The merging waters surrounded by desert re-affirmed his view of history; man at the mercy of the Gods of Hunger.
*
Later that day Kokopoulos crossed over to Omdurman by boat as the new seven-span bridge was still being constructed.
Omdurman. The place of slaughter. Where the banners of Islam declared the first jihad against the infidel British imperialists. Kokopoulos paid homage to the Mahdi whose tomb was in ruins and visited the house of the Khalifa Abdullahi which had become a museum for Mahdia and other historical relics. He then crossed over again to Khartoum, saw the plaque at the spot where Gordon fell and caught the steamer to Juba via Kosti.

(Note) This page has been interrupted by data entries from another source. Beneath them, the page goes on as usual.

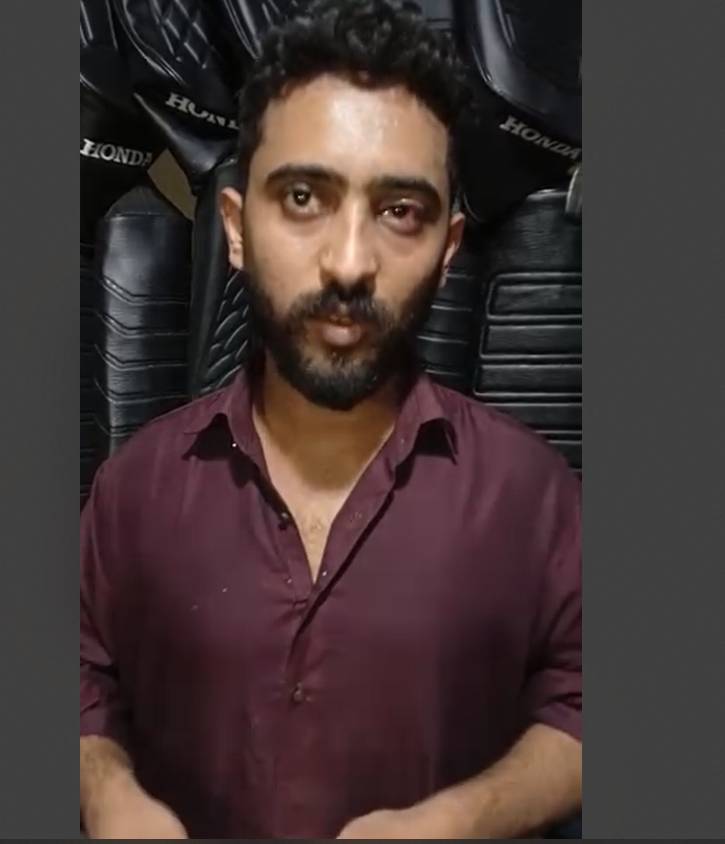Youth brutally tortured, electric shocked by Pindi police
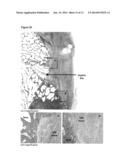 BIOABSORBABLE POLYMERS diagram and image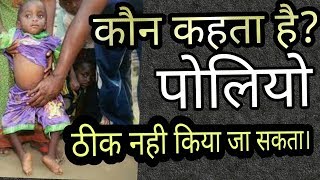 polio can be cured completely by ayurvedahow to cure polio permanentlyपोलियो को करें जड़ से खत्म
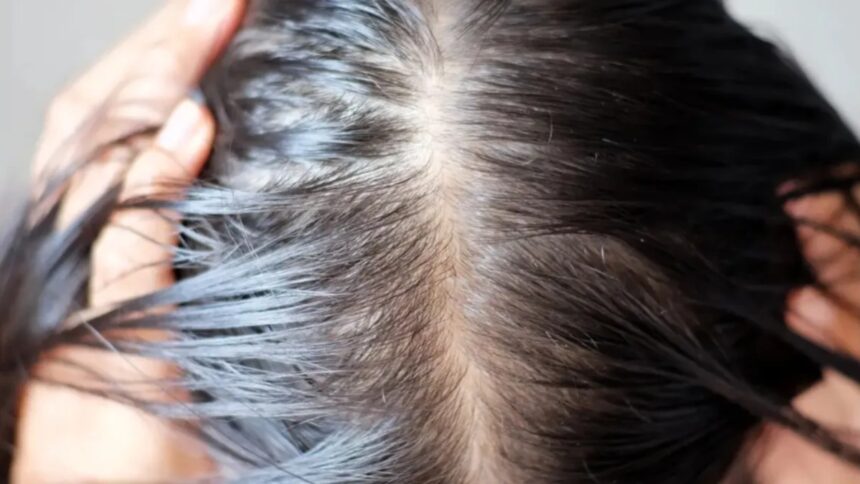 Hair also starts falling due to PCOS, know how to take care of hair in this condition?  - India TV Hindi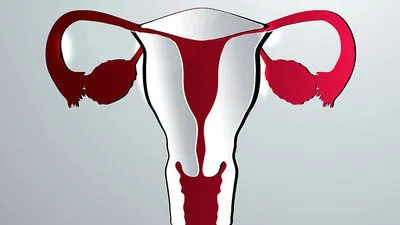 Krebs der Eierstöcke wird meist zu spät erkannt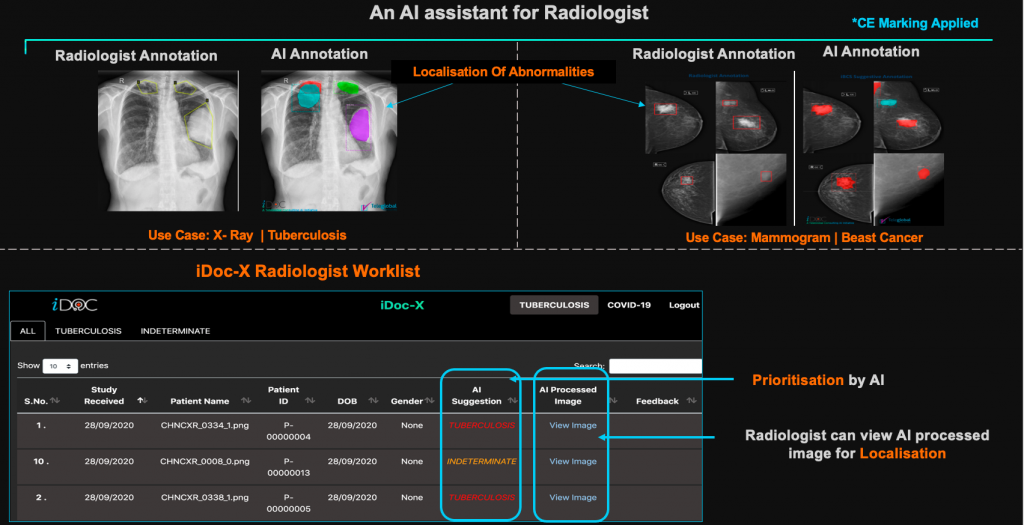 AI solution for CXRs (Chest X-Rays)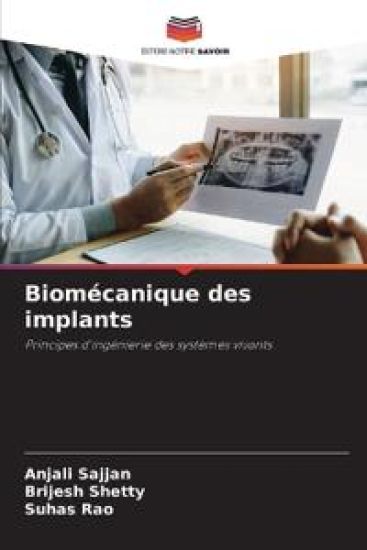 Biomécanique des implants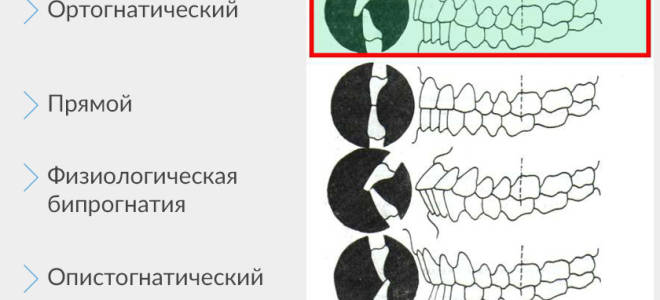 Прикус зубов правильный и неправильный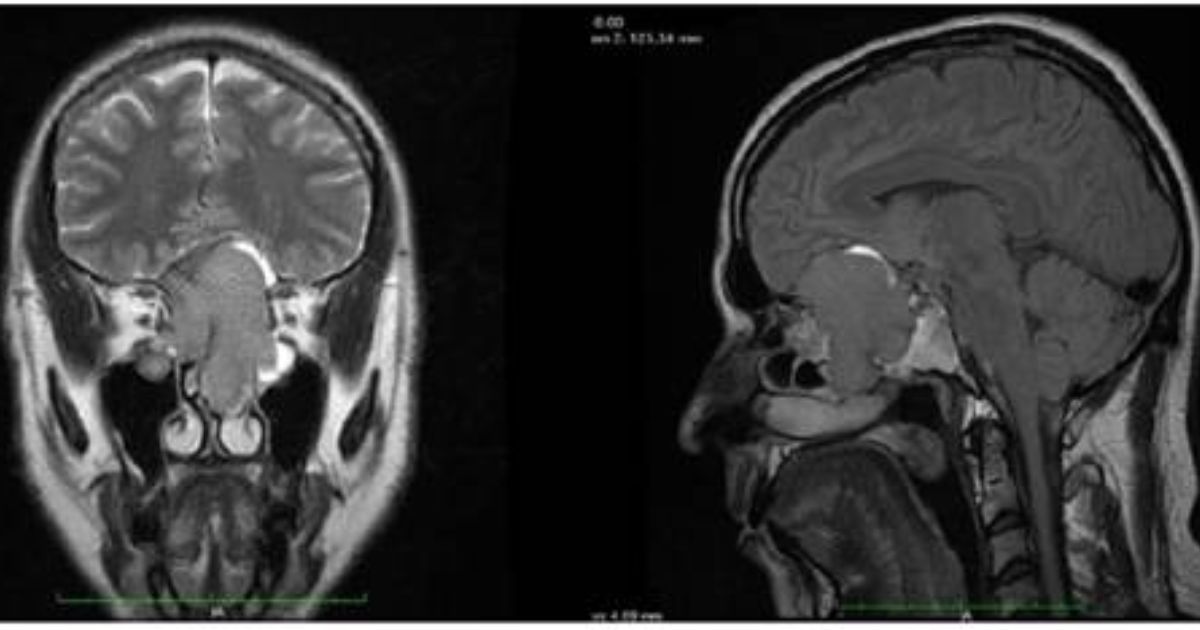 Neuroblastoma olfatório é um câncer raro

Could the latter have been named after a Greek? Konstantinos, Kostas (its diminutive …), Kostakis, Kostaki, Kosti? Perhaps so. As it happened, a Greek of that name traded in antiquities from a small shop in the centre of town. His most prized item was a large fragment of a frieze depicting Meroitic lasciviousness. Kokopoulos had seen the series of images from which it came in the Royal Baths at Meroe. He described these to his compatriot before heading south again to Lake Victoria.
After resting at Kampala, he took the train to Mombassa on the Kenya coast. This was Swahili country where his knowledge of Arabic helped him to find a dhow which took him south to Dar-es-Salaam.